These three entirely different aspects have not been separated out in much of the previous work concerning non-linear systems, and this has led to much confusion. 1) is the link of the system to its external context. 2) reflects the interactions between the components of the system and 3) connects the behaviour of the system to the internal characteristics of the individuals involved. …

1.2 The Modelling Outcomes of different Assumptions

Clearly, the use of the assumptions above provides different interpretive frameworks for reality, some suppose far more constraints on what can happen than others. Relating Assumptions to Outcomes in terms of types of model we have:
  • Making all 4 assumptions plus stationarity gives either a static equilibrium model, or one corresponding to a cyclic or chaotic attractor
  • Making all 4 assumptions leads to System Dynamics, a mechanical representation of changes
  • Making 1 to 3 assumptions leads to Self-Organising Dynamic models, capable of reconfiguring their spatial of organisational structure.
  • Making only assumptions 1 and 2 leads to mathematical models of evolutionary processes where the environment, system components and sub-components all co-evolve in a non-mechanical mutual “learning” process

Part of the confusion leading up to the financial crises around 2008 was the invention of novel financial instruments that didn’t fit the received classificatory wisdom. So a mathematical model based on assumption 2 seems unappealing, despite its ‘non-mechanical mutual “learning”.

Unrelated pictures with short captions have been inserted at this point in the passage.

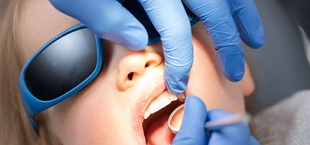 Oral cancer screening in San Luis Obispo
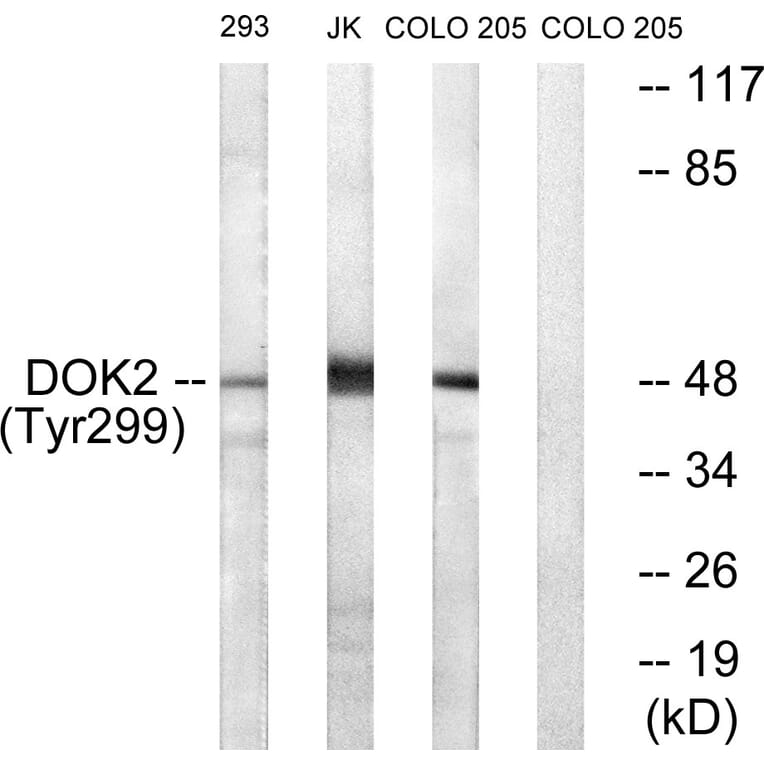 Western Blot - Anti-p56 Dok-2 (phospho Tyr299) Antibody (A7059) - Antibodies.com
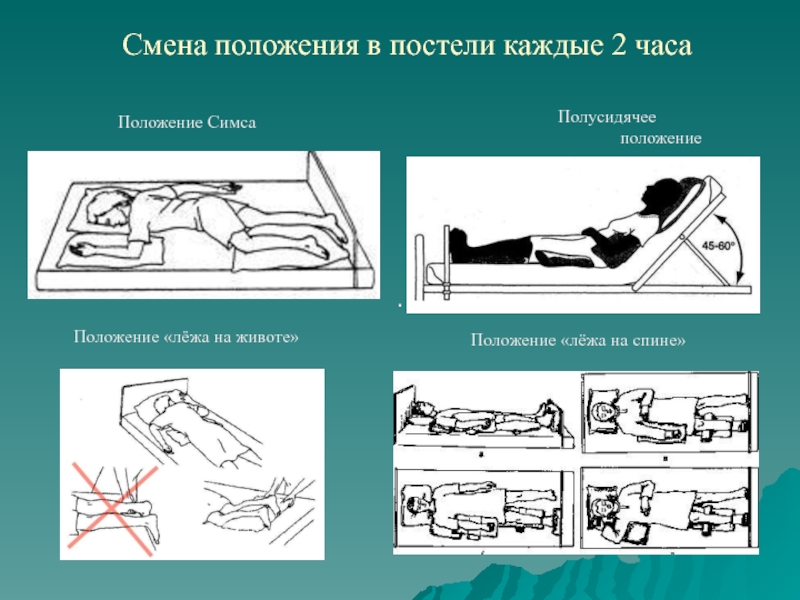 Смена положения защелки edson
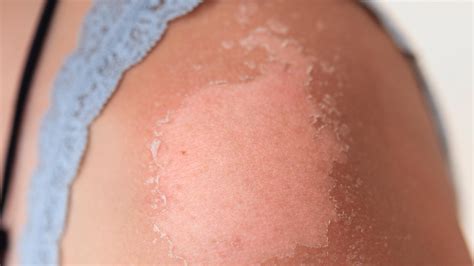 Why Your Skin Peels After a Sunburn, According to Dermatologists | Allure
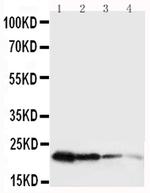 Growth Hormone Polyclonal Antibody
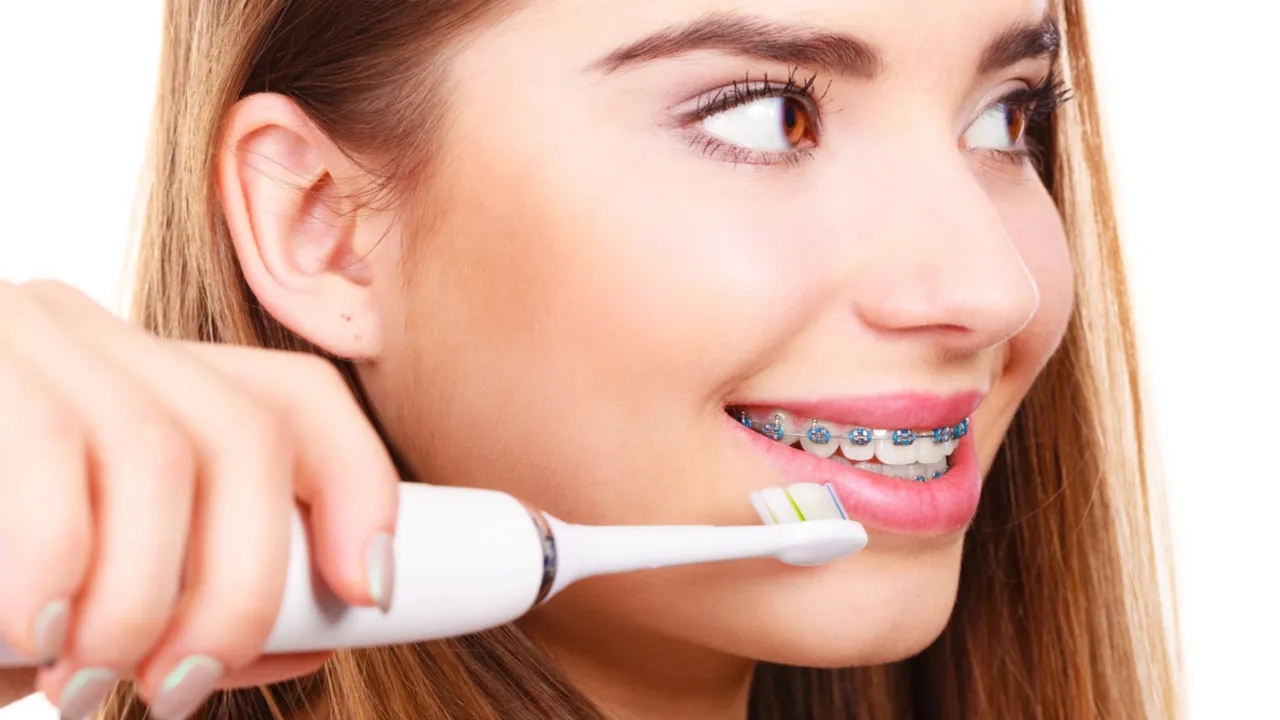 Czy można myć zęby z aparatem szczoteczką soniczną? Oto co musisz wiedzieć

2. Models and Knowledge: Simple to Complex.

The “knowledge” generation process is based on understanding “what must be true” about a system. From the above, we see that the more “assumptions” made about “what must be true” for a system, the more seemingly precise the “knowledge” about future behaviour will be. This is because the more things that “must be true” there are, then the more constrained is the possible future behaviour that could happen. If almost nothing “must be true”, then it means the system is free to do whatever it likes. Simplicity can be plucked from complexity therefore if and only if the simplifying assumptions are true. Let us consider the different types of models briefly in ascending order of complexity
There is a kind of uncertainty principle here: the more assumptions one makes the more precise one can be about the behaviours but the greater the uncertainty about the assumptions.

2.1) Equilibrium Models

These are models of the “final” situation that a system will attain, providing that it does
not change qualitatively. [The] the system will “go to” the attractor in whose basin it happens to be at time equals
The advantage of studying the attractor of the dynamical system is that it is clearly predictive. Either it is a stationary value … or it is predictable cycle or chaotic attractor with a fixed range of variation, and average value. Such an approach seems to offer the possibility of rationally making decisions by considering the situation (attractor) before an action, investment or policy, and the situation afterwards. Cost/Benefit analysis, for example, is based on this (fundamentally flawed) idea.
The problem is of course, not only whether the 4 assumptions are actually true, but in addition, whether something may happen along the way to the attractor. It does not take into account the possibility of non-linear effects, through which small non-average fluctuations or differences can be amplified and change the nature of the system.
I.e., there may be ‘critical instabilities’.
.… In reality, people discover their future, and may change their behaviour as a result of real time feed-backs, thus changing the “target” equilibrium to which the system was heading.
Assumptions may be mutually unrealistic in the long-run, e.g. ever increasing house prices ( as a proportion of GDP) and a healthy economy.
… Of course, on its way to the new one, something else may change in turn, and of course, we may even find that there were in fact several possible outcomes, and so the real task would seem to be that of revealing these possible pathways to different futures
This uncertainty is to be expected when there are critical instabilities.
The Simplicity of such simple models is beguiling but misleading. The knowledge they offer is too simple, and in most human systems is based on assumptions that are incorrect. Such models view the future as the present, and hence hide the reality of change.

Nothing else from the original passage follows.